Join Professor Susan Stewart of Princeton University and Bruce Boucher, Director of Sir John Soane’s Museum to explore the enduring appeal of ruins in Western thought in this free online talk.
Drawing from Stewart’s new book, The Ruins Lesson, examined alongside the powerful watercolours by William Pars in the Museum’s current exhibition, The Romance of Ruins, investigate just why centuries of westerners have found ruins so beguiling.

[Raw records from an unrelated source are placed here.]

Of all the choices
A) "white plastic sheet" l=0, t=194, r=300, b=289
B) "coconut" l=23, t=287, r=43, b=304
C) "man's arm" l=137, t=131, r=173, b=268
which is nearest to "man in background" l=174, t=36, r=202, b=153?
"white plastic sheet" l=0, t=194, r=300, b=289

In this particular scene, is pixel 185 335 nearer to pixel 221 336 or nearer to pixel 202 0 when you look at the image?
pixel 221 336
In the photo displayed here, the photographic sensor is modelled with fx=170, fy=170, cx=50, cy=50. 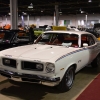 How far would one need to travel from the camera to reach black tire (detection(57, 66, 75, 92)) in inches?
160

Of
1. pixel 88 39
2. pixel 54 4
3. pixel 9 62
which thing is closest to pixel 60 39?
pixel 88 39

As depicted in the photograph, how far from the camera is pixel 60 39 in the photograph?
5289 mm

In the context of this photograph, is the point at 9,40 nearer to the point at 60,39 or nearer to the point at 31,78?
the point at 60,39

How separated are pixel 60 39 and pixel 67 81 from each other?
1.53 meters

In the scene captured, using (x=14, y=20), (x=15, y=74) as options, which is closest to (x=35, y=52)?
(x=15, y=74)

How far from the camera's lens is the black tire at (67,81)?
13.3 ft

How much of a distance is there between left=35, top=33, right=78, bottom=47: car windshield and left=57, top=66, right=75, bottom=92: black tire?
3.11 ft

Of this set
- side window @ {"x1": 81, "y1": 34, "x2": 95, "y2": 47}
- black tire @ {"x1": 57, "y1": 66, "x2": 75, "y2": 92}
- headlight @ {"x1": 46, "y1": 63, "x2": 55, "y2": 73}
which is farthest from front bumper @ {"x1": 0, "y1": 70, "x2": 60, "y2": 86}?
side window @ {"x1": 81, "y1": 34, "x2": 95, "y2": 47}

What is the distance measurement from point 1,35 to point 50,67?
459 centimetres

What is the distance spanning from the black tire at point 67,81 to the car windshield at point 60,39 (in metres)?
0.95

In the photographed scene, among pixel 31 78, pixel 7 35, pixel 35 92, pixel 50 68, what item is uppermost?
pixel 7 35

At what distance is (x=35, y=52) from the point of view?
13.7 ft

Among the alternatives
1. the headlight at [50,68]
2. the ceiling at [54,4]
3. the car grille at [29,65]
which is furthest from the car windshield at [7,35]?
the ceiling at [54,4]

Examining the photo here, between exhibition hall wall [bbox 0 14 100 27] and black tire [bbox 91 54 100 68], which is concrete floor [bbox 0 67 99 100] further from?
exhibition hall wall [bbox 0 14 100 27] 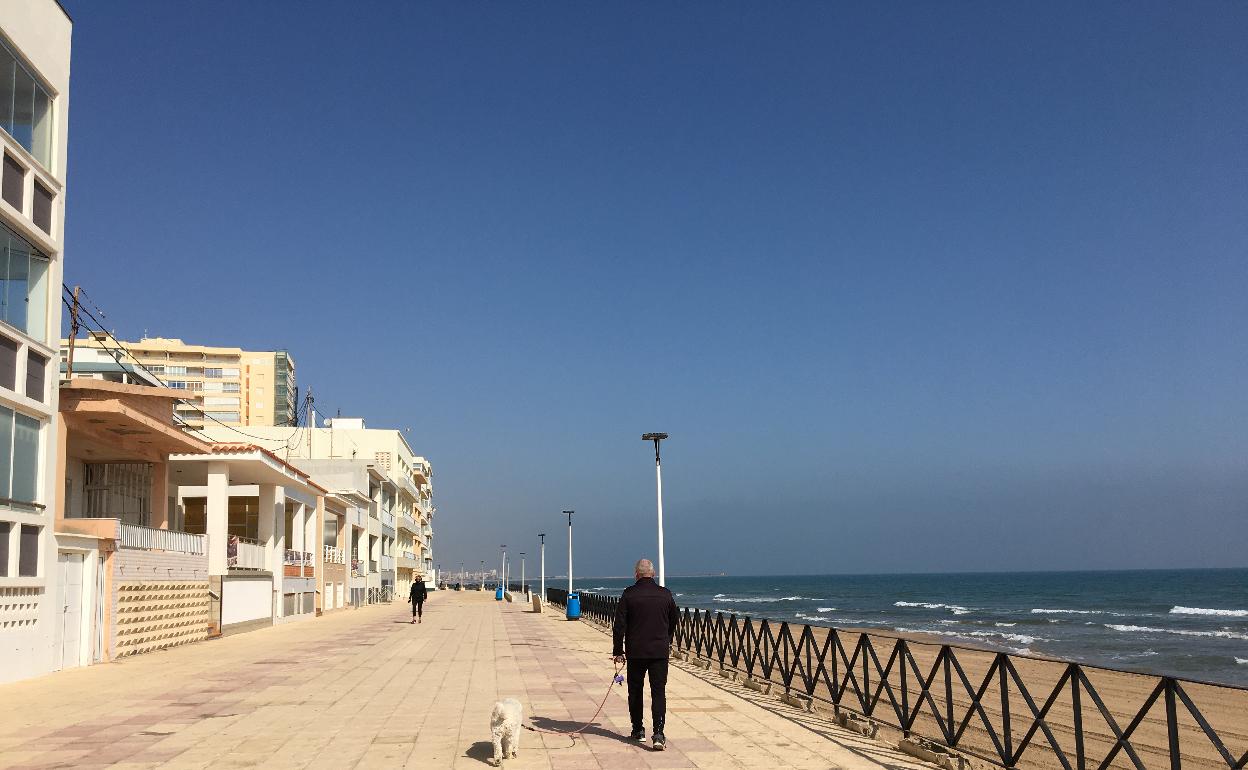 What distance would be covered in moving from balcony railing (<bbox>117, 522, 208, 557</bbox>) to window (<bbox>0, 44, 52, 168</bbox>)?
20.8 feet

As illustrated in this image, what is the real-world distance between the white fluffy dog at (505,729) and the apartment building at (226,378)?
9275 centimetres

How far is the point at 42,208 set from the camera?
53.5 feet

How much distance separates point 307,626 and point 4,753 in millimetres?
22990

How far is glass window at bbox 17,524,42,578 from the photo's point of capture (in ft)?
48.2

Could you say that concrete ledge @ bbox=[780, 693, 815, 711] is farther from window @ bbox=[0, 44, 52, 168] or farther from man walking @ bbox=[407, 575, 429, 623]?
man walking @ bbox=[407, 575, 429, 623]

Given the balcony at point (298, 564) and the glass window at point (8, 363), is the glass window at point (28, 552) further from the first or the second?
the balcony at point (298, 564)

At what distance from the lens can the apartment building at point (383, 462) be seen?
66.4 m

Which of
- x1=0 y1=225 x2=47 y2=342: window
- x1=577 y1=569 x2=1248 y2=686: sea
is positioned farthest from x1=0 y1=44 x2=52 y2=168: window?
x1=577 y1=569 x2=1248 y2=686: sea

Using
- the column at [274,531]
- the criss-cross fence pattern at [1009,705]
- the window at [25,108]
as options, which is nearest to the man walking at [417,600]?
the column at [274,531]

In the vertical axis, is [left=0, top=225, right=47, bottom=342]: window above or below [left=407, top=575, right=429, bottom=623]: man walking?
above

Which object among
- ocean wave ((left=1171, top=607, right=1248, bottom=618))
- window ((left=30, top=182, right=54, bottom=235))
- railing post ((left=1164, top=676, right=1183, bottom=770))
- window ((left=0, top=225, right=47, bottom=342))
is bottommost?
ocean wave ((left=1171, top=607, right=1248, bottom=618))

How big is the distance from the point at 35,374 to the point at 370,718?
883 cm

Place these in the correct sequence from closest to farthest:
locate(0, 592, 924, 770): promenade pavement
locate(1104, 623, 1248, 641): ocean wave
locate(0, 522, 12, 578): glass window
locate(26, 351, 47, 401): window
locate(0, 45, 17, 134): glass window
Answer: locate(0, 592, 924, 770): promenade pavement, locate(0, 522, 12, 578): glass window, locate(0, 45, 17, 134): glass window, locate(26, 351, 47, 401): window, locate(1104, 623, 1248, 641): ocean wave

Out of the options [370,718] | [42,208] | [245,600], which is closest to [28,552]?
[42,208] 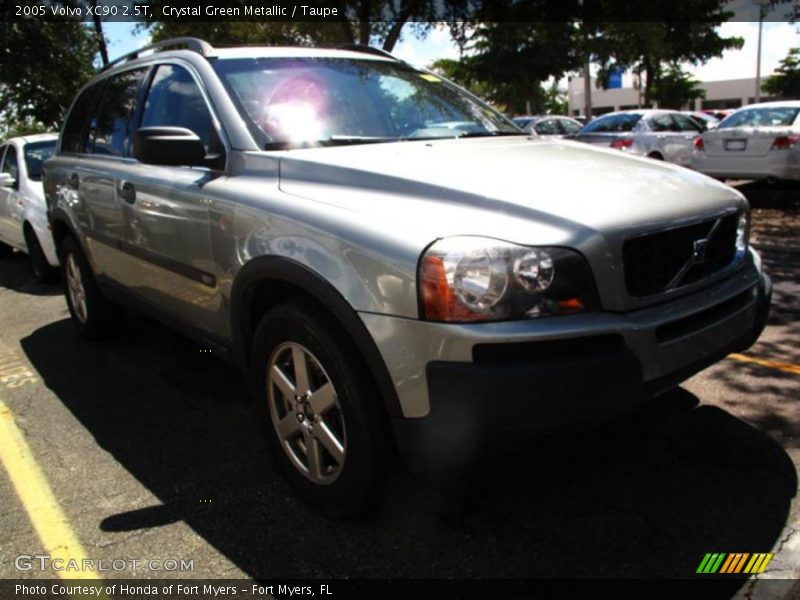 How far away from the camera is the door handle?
385cm

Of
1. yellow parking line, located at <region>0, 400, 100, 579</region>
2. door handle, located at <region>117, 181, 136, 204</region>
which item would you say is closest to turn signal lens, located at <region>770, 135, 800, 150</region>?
door handle, located at <region>117, 181, 136, 204</region>

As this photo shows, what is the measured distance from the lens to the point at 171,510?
291 cm

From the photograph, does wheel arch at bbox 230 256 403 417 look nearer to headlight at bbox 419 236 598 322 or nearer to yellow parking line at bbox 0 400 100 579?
headlight at bbox 419 236 598 322

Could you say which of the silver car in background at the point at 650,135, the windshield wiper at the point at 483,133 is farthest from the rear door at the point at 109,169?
the silver car in background at the point at 650,135

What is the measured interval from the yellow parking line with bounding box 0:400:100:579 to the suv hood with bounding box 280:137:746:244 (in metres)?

This talk runs as part of our programme around our exhibition, The Romance of Ruins: The Search for Ancient Ionia, 1764.
About Susan Stewart
Susan Stewart, the Avalon Foundation University Professor in the Humanities at Princeton University, is a poet, critic, and translator. A former MacArthur Fellow and Chancellor of the Academy of American poets, she is the author of six books of poems, including Columbarium, which won the National Book Critics Circle Award, and, most recently, Cinder: New and Selected Poems. Her many prose works include On Longing, Poetry and the Fate of the Senses, The Open Studio: Essays in Art and Aesthetics, The Poet’s Freedom, and The Ruins Lesson: Meaning and Material in Western Culture. She has received an Academy Award in Literature from the American Academy of Arts and Letters and the Berlin Prize of the American Academy in Berlin. In 2005 she was elected to the American Academy of Arts and Sciences. She will deliver the Clarendon Lectures at Oxford University in the Autumn of 2023.
About Bruce Boucher
Dr Bruce Boucher is an art historian and curator specialising in Renaissance and Baroque sculpture and architecture. He is professor emeritus at University College London, where he taught for over 20 years, and has published a number of books. Before joining the Soane, Bruce was Director of the Fralin Museum of Art at the University of Virginia, which followed a role as Curator and Head of European Sculpture, Decorative Arts, and Ancient Art at the Art Institute, Chicago. He is former President of the Board of the Center for Palladian Studies in America and currently a Fellow of the Society of Antiquaries. Bruce became Deborah Loeb Brice Director of the Soane in May 2016.